ACTIVITY
The required answer is an exact copy of the lines from the one containing "selective focus of" to the end of the listing, both included, without any pictures.

=-=-=

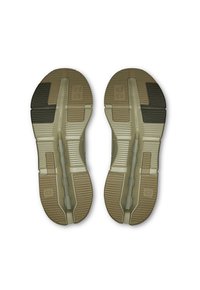 Suelas de zapatos en beige y marrón con patrones texturizados, que presentan ranuras para tracción y un detalle de logo en un lado.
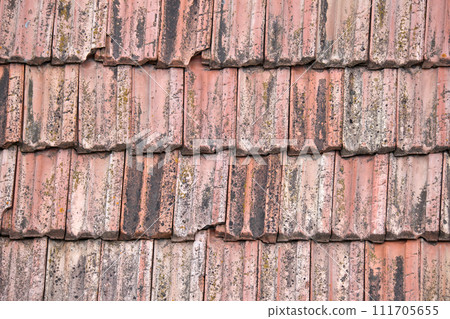 Closeup surface of old weathered ceramic tiles covering building roof Closeup surface of old weathered ceramic tiles covering building roof 111705655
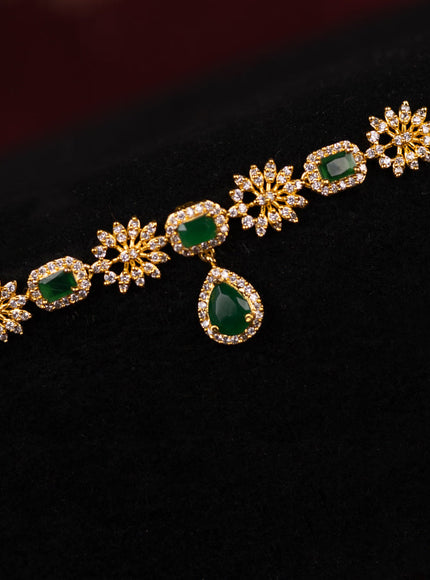 Zircon hip chain with emerald and cz stones in gold finish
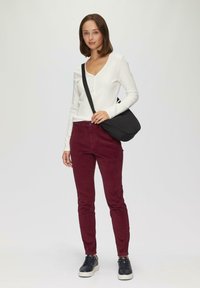 Langärmliges weißes Rippoberteil mit V-Ausschnitt, kombiniert mit burgunderfarbenen Slim-Fit-Hosen und schwarzen Sneakers. Enthält eine schwarze Umhängetasche.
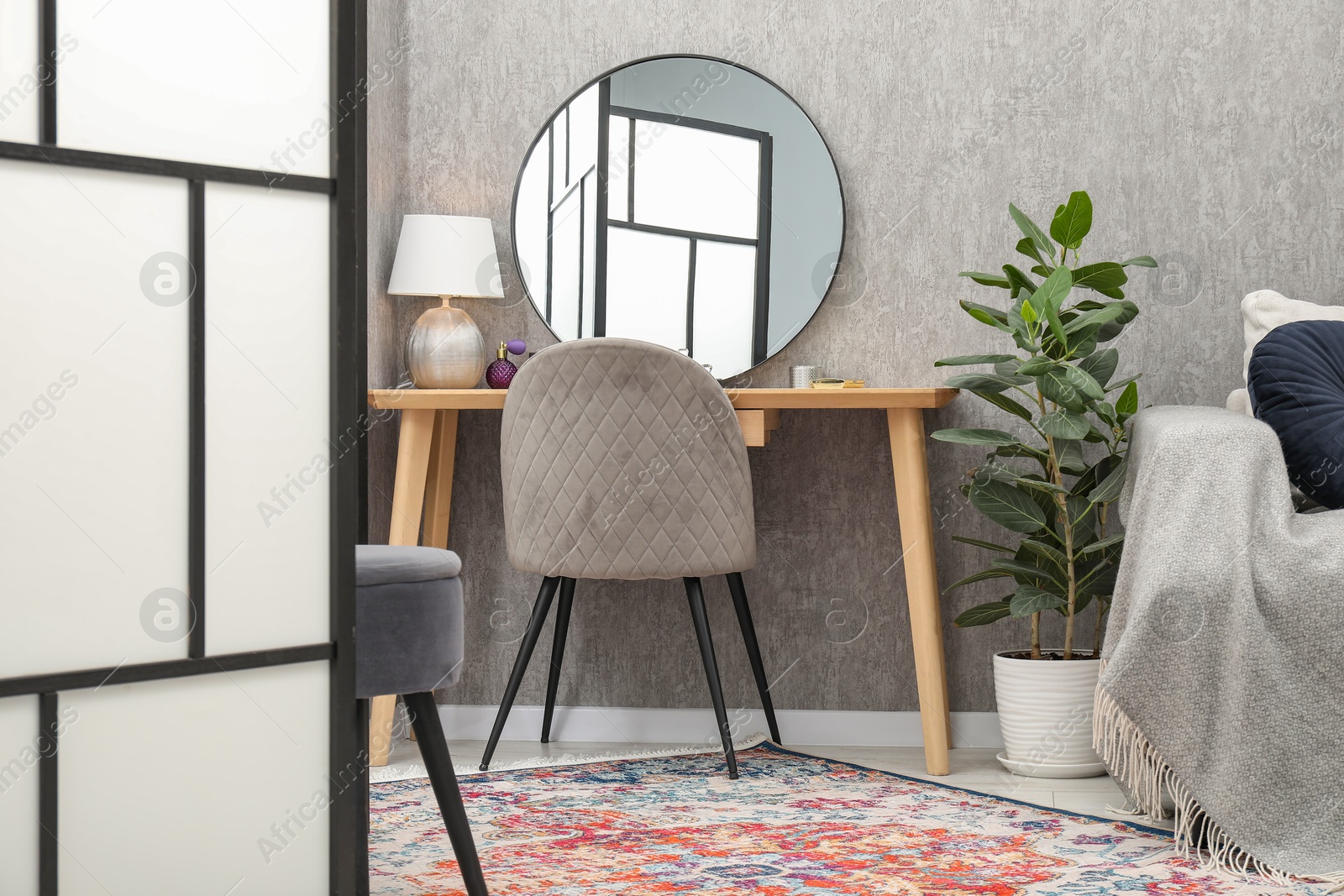 Photo of Mirror, dressing table, chair, houseplant and folding screen indoors. Interior design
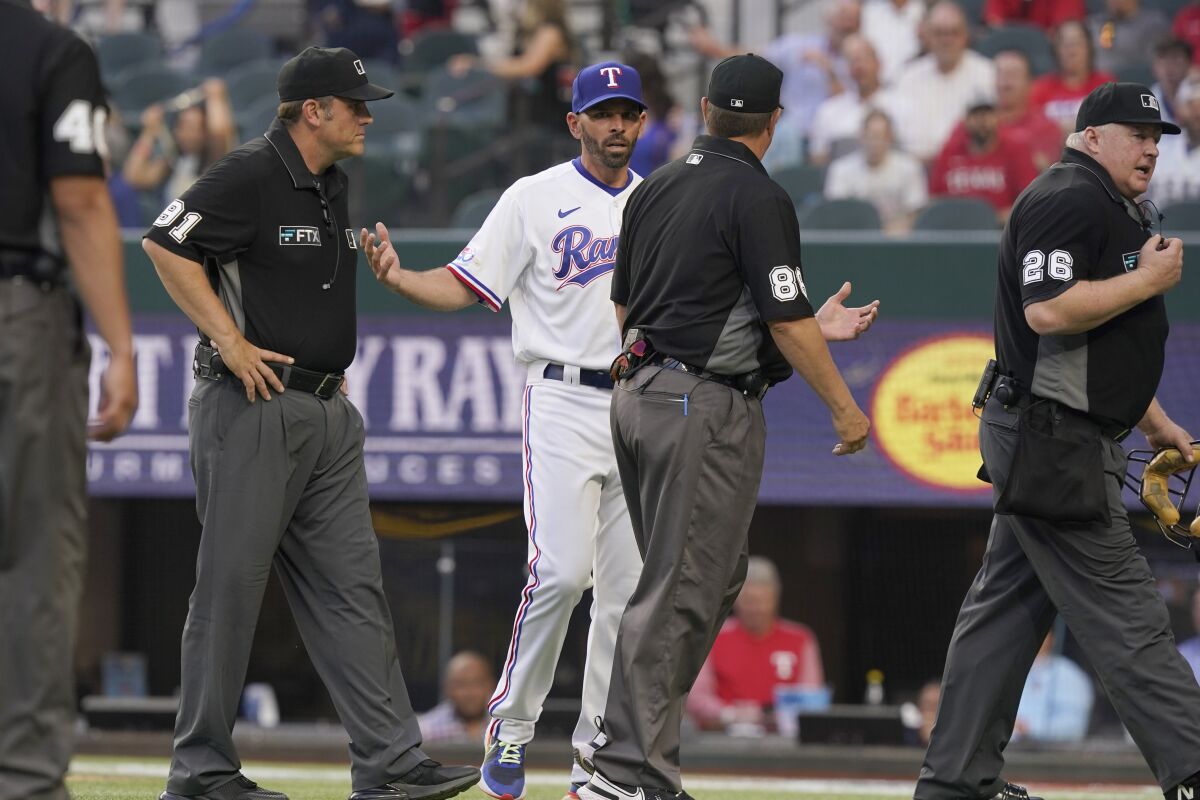 Texas Rangers manager Chris Woodward, center left, questions a call as the umpire crew walks off the field, ending the tenth inning of a baseball game against the Colorado Rockies in Arlington, Texas, Monday, April 11, 2022. The Rockies won 6-4. The crew includes umpires Brian Knight (91), David Rackley (86), Bill Miller (26) and Roberto Ortiz (40). (AP Photo/LM Otero)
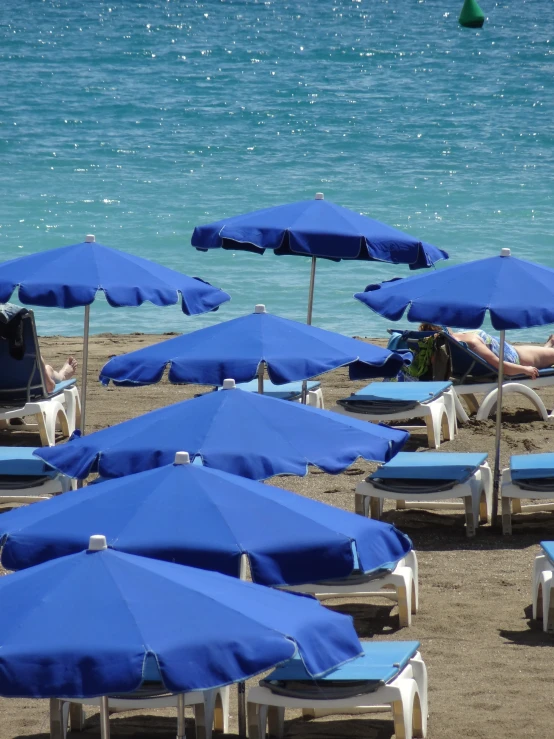 the blue umbrellas are covering the beach chairs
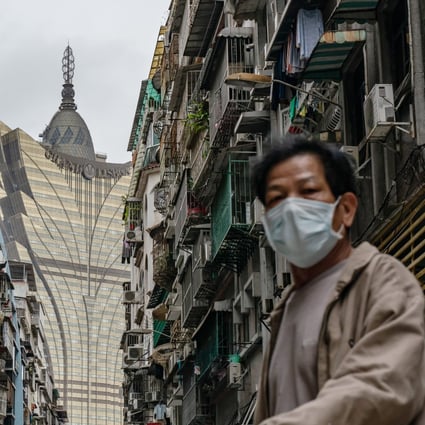 A man wearing protective mask walks across a street in front of the Grand Lisboa Hotel in Macau. Photo: Getty Images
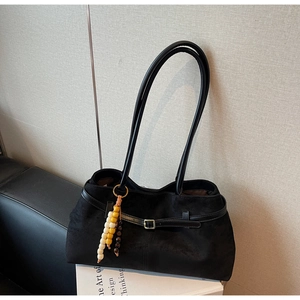 Detailed close-up of a black suede hobo bag featuring a gold buckle and beaded charm accessory
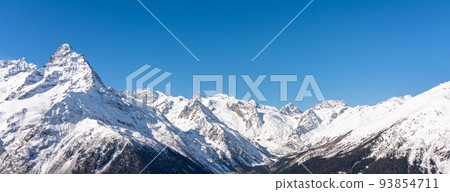 Panoramic view of winter snowy mountains in Caucasus region in Russia with blue sky 93854711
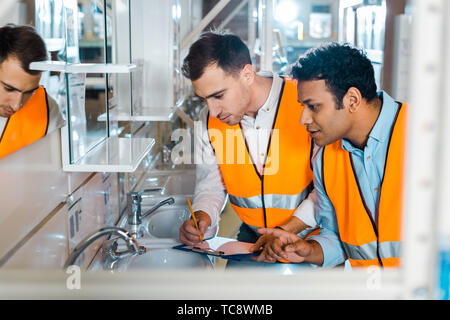 selective focus of attentive multicultural colleagues working in plumbing department Stock Photo
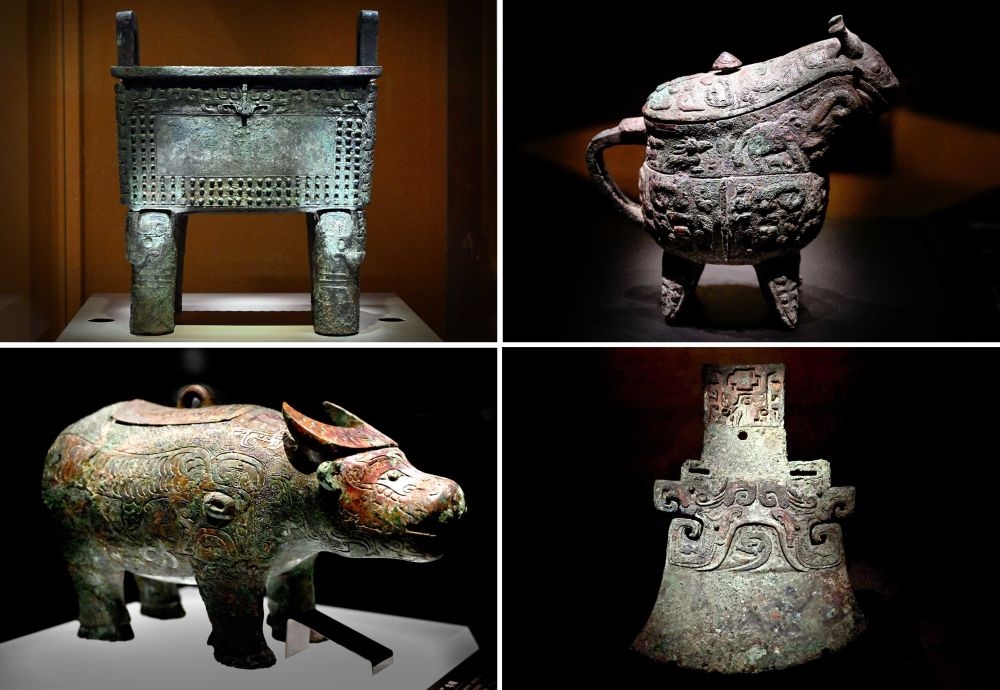 這是殷墟博物館新館內展出的“司母辛”銅鼎（左上）、“亞長”銅?。ㄓ疑希ⅰ皝嗛L”牛尊（左下）、“亞長”銅鉞（拼版照片，2月23日攝）。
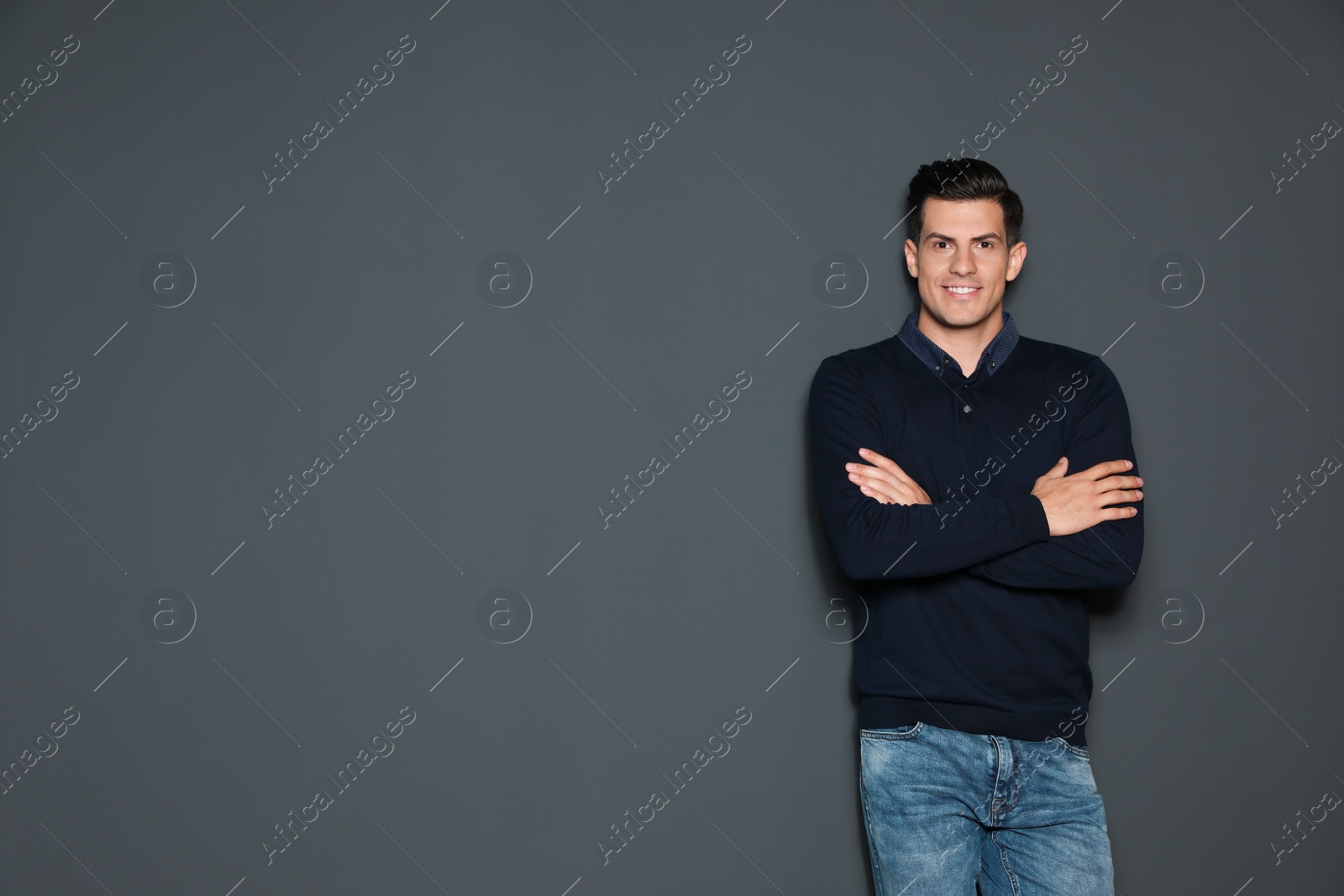 Photo of Portrait of handsome man smiling on grey background. Space for text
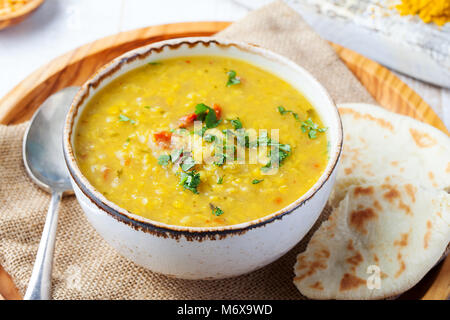 Lentil soup with pita bread in a ceramic white bowl on a wooden background. Close up. Stock Photo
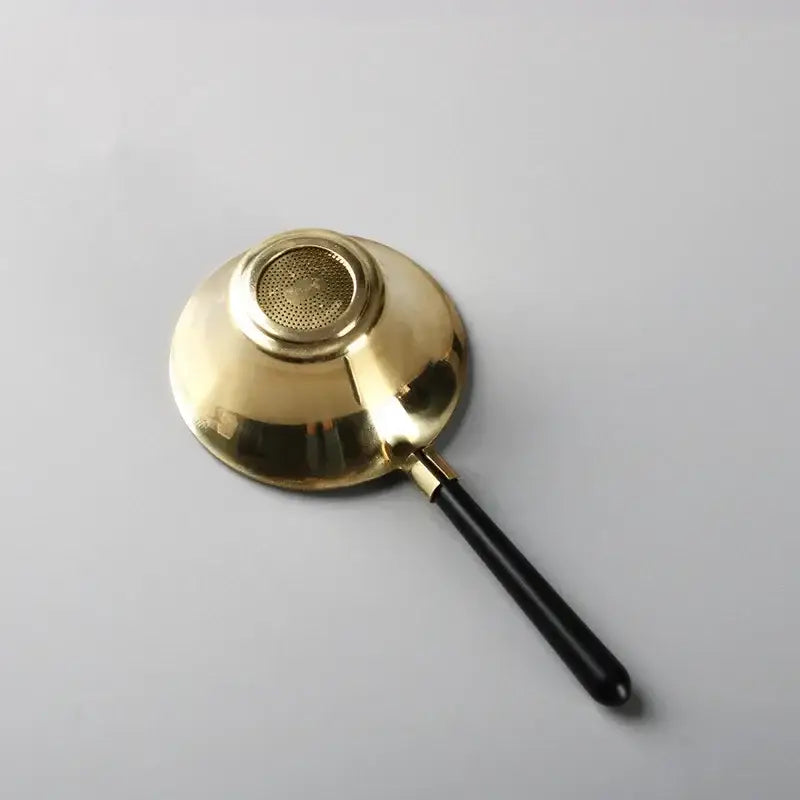 Copper tea strainer pouring tea into a mug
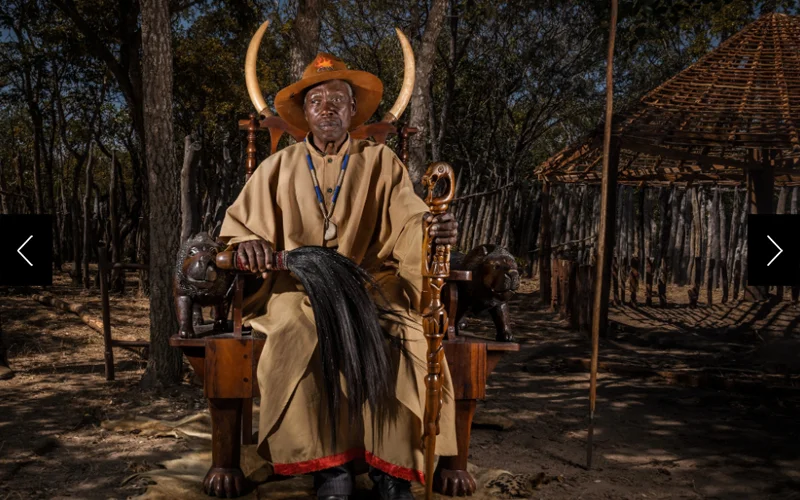 Mwene Chivueka VI, king of the Luchazi, sits on his throne.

=-=-=

EXPECTED OUTPUT
 selective focus of attentive multicultural colleagues working in plumbing department Stock Photo
 這是殷墟博物館新館內展出的“司母辛”銅鼎（左上）、“亞長”銅?。ㄓ疑希ⅰ皝嗛L”牛尊（左下）、“亞長”銅鉞（拼版照片，2月23日攝）。
 Photo of Portrait of handsome man smiling on grey background. Space for text
 Lentil soup with pita bread in a ceramic white bowl on a wooden background. Close up. Stock Photo
 Copper tea strainer pouring tea into a mug
 Mwene Chivueka VI, king of the Luchazi, sits on his throne.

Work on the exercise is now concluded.